Stewart turned to me and said (and I’m paraphrasing here): “I don’t know… they don’t look disabled”.
I turned to him, smiled, and said: “You know, if I didn’t have this fast pass, I would be using my boarding pass, too, because I’m also disabled”. And after explaining a bit about my ostomy, and my inability to control bowel movements because of it, I think he understood that there’s often more than meets the eye.
It was pretty cool to be in a situation where I’m able to offer some insight into the lives of people with a hidden disability. I’ll be honest, I don’t notice the eye-rolls, and comments coming from others who have to wait an extra few minutes while I use my boarding pass, but I’m almost certain that it happens a lot – we are very often being judged.
This is why I feel that public awareness of ostomies, IBD, and other invisible illnesses is always needed.
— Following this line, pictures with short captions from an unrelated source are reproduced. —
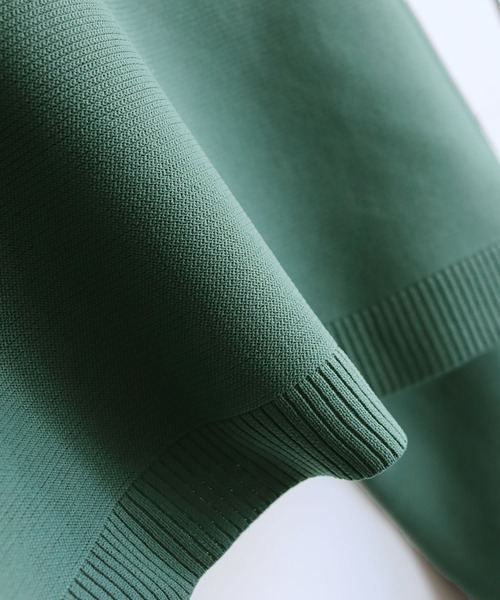 cheriella（シェリエラ）の「【cheriella】WEB限定スポンディッシュガーターショートプルオーバー（ニット/セーター・レディース・ブラック/ブラウン/グリーン/アイボリー/ワインレッド/ブルー/ライトグレー/ピンク・M）」の16枚目の写真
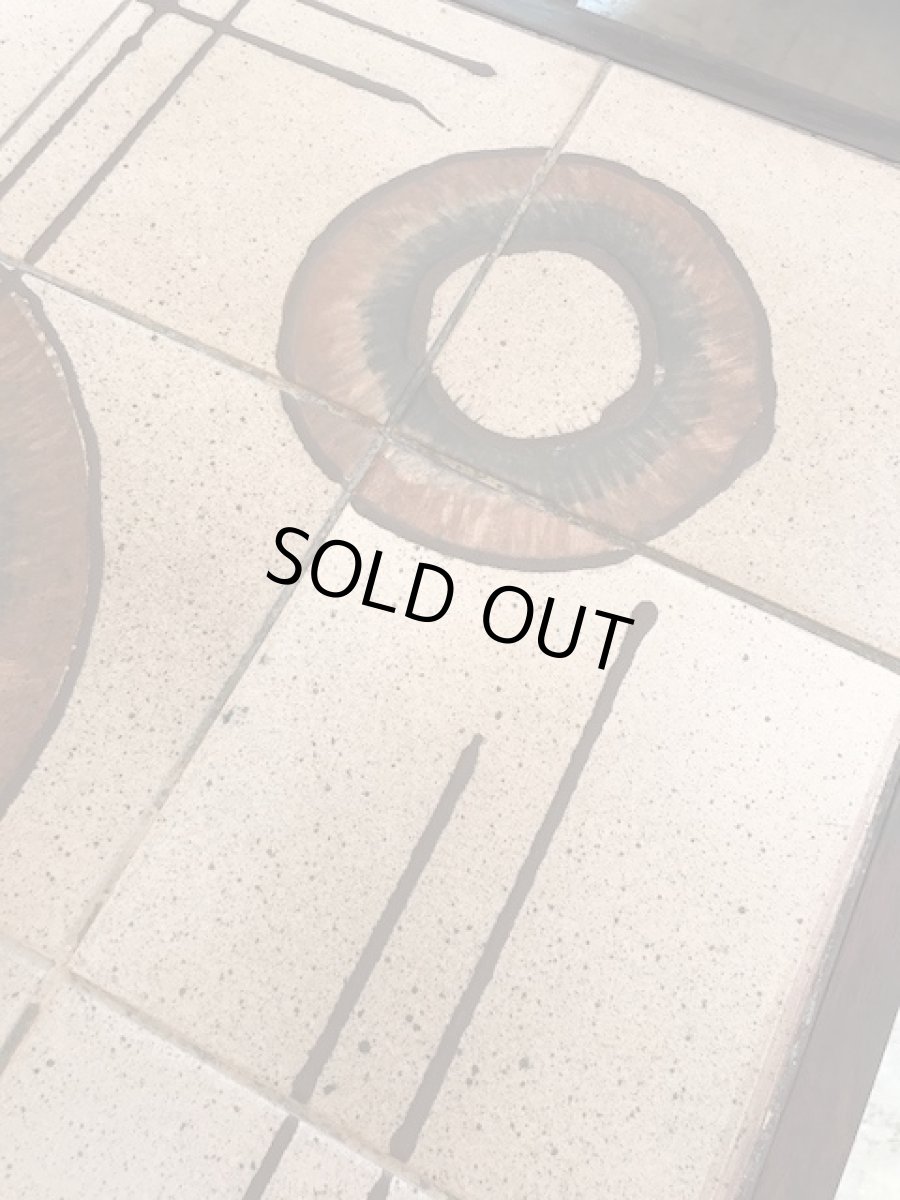 画像8: Vintage Tile Table (8)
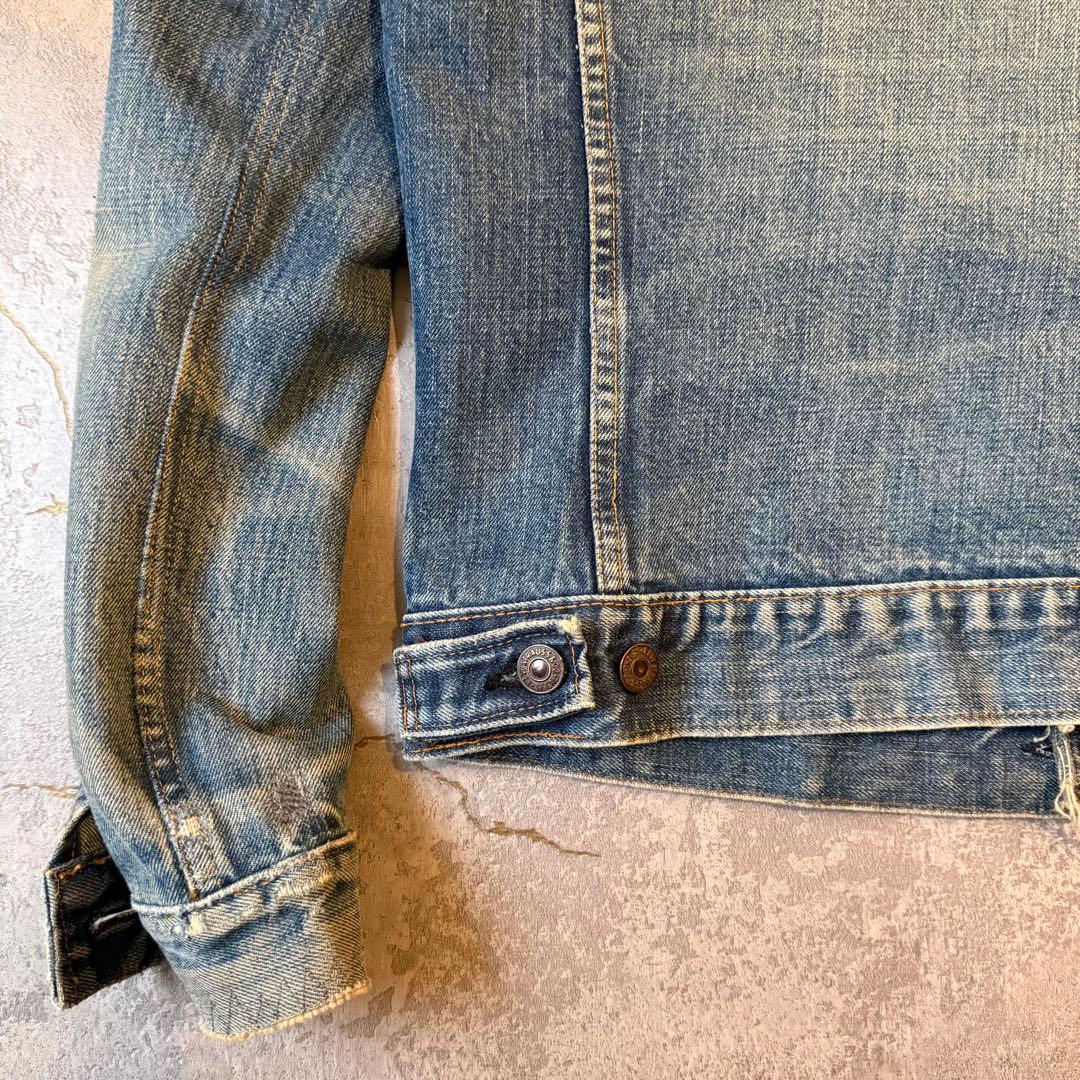 Levi's ビンテージ 70505 bigE デニムジャケット Gジャン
Sometimes, when we “don’t look sick“, it only takes one person to change someone else’s perspective, and that benefits everyone.
So the next time you have an opportunity to talk about your hidden illness or disability, do so proudly, because you have a chance to turn prejudice into understanding.
I’m thinking that the next time I visit the park, I’ll be wearing my “Ask Me About My Ostomy” t-shirt!
I do’t know where else to put this question
I have an illeostomy (Non’15); two months ago I was diagnosed with two hernias in the abdomen wall; I heard you mention hernia belt and ostomy together. I’m don’t remember the association. Anyway can you give some information about a belt
Hi Paul,
I will have a guide for hernia belts soon, but ask your stoma nurse about them in the meantime. They offer support across your abdomen to help keep your hernias in place and to prevent new ones. They are usually custom fitted, so it’s important to speak to your nurse to make sure you get one that’s appropriate for you.